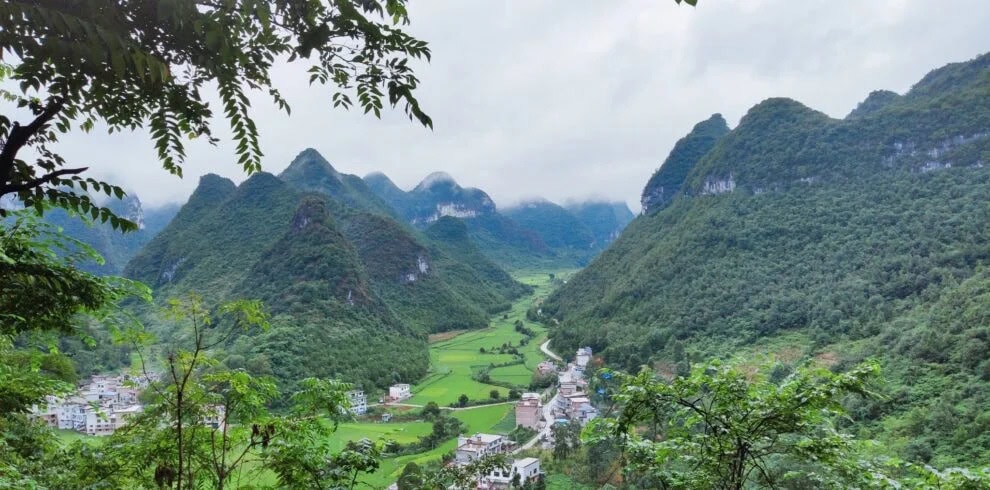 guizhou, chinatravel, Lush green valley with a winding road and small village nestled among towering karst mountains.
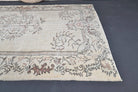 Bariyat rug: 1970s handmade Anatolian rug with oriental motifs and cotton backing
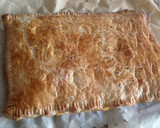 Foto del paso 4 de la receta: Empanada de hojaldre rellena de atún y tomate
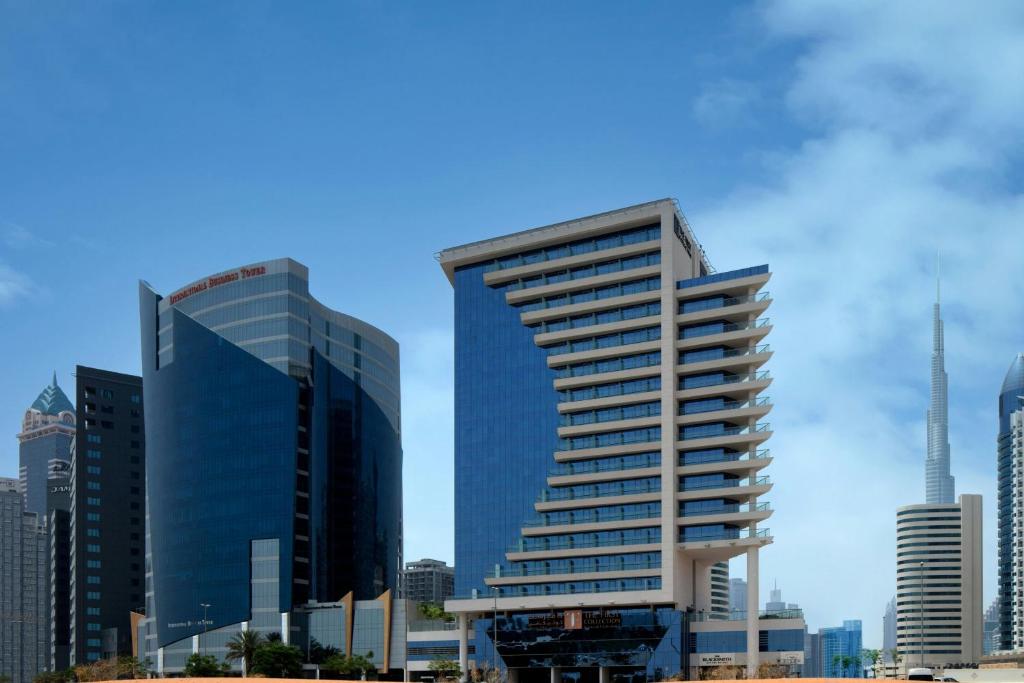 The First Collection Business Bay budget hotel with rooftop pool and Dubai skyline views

════

* Directions for this task *
Retype the data above in full, exactly as it stands, and skip any image.

* Output *
 guizhou, chinatravel, Lush green valley with a winding road and small village nestled among towering karst mountains.
 Bariyat rug: 1970s handmade Anatolian rug with oriental motifs and cotton backing
 Foto del paso 4 de la receta: Empanada de hojaldre rellena de atún y tomate
 The First Collection Business Bay budget hotel with rooftop pool and Dubai skyline views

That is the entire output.